Blending in Context

Summer School
Odense, Denmark
August 12-17, 2002

Organised by the Graduate School in Language and Communication, University of Southern Denmark

Brief summary and comments by Pierre Gander (pierre.gander@lucs.lu.se)

Index

Faculty
Seana Coulson (University of California at San Diego)
Margaret H Freeman (Los Angeles Valley College)
Todd Oakley (Case Western Reserve University)
Tim Rohrer (University of California at San Diego)

Participants
Line Brandt, University of California, San Diego
Natalie Cigankova, University of Latvia
Vito Evola, University of Palermo
Lise Lyng Falkenberg, University of Southern Denmark
Laura Feldt, University of Copenhagen
Maurizio Gagliano, University of Bologna
Pierre Gander, Lund University
Monica Gonzalez-Marquez, Cornell University
Anders Soegaard, University of Copenhagen
Michael Kimmel, University of Vienna
Irene Mittelberg, Cornell University
Francisco Peireira, University of Coimbra
Paul Sambre, LESSIUS Hogeschool Antwerp/University of Antwerp UFSIA
Hedvig Gyde Thomsen, Copenhagen University

Introduction

The summer school was on blending theory, a theory of conceptual integration by Gilles Fauconnier and Mark Turner (see, for instance, their book "The Way We Think") In the summer school, the aim was to show how blending theory can be applied to various contexts, such as literature and computer interfaces, as well as giving a better understanding of blending theory itself. The school included lectures as well as workshops and exercises. PhD students were encouraged to present their work.

Day by day overview and comments

August 13

Topic: Narrative context: blending in literature

Margaret Freeman presented a blending analysis of an untitled poem by Emily Dickinson ("The Luxury to apprehend...") and showed that by using blending theory, meanings before not considered by literary critics can surface. Freeman talked about poetic creation versus poetic comprehension. She said: "Blending theory is an elegant theory for creativity". She concluded that some elements of poetry are not yet handled by blending theory, such as rhythm, sound, which need to be explored.

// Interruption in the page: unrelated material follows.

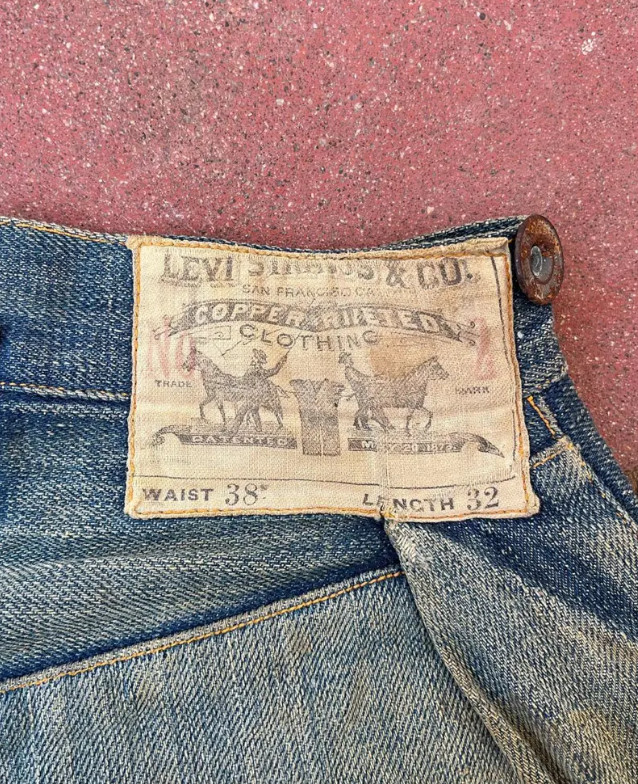 140年前标有*华反**口号的牛仔裤55万元售出，网友：欠中国一个道歉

Monica Gonzalez-Marquez presented the lyrics to a latin song with the translated title of "Her and him" for subsequent blending analysis later in the summer school.

Guest lecture by Robert E. MacLaury (University of Pennsylvania)
MacLaury gave an overview of vantage theory, which is a model of categorization. He focused on applying the theory to colour categorization in various cultures and languages, but also showed how the model can account for forms of addressing and deixis.

August 14

Topic: Blending in Interaction

Seana Coulson gave and introduction to blending theory and showed how it could be applied to an example of talk from a radio station.

Gitte Rasmussen gave a short introduction to Conversational Analysis. Anders Hougaard showed how Conversational Analysis can be extended with blending theory. Analysis was made of a telephone conversation from the Watergate affair between Colson and Hunt.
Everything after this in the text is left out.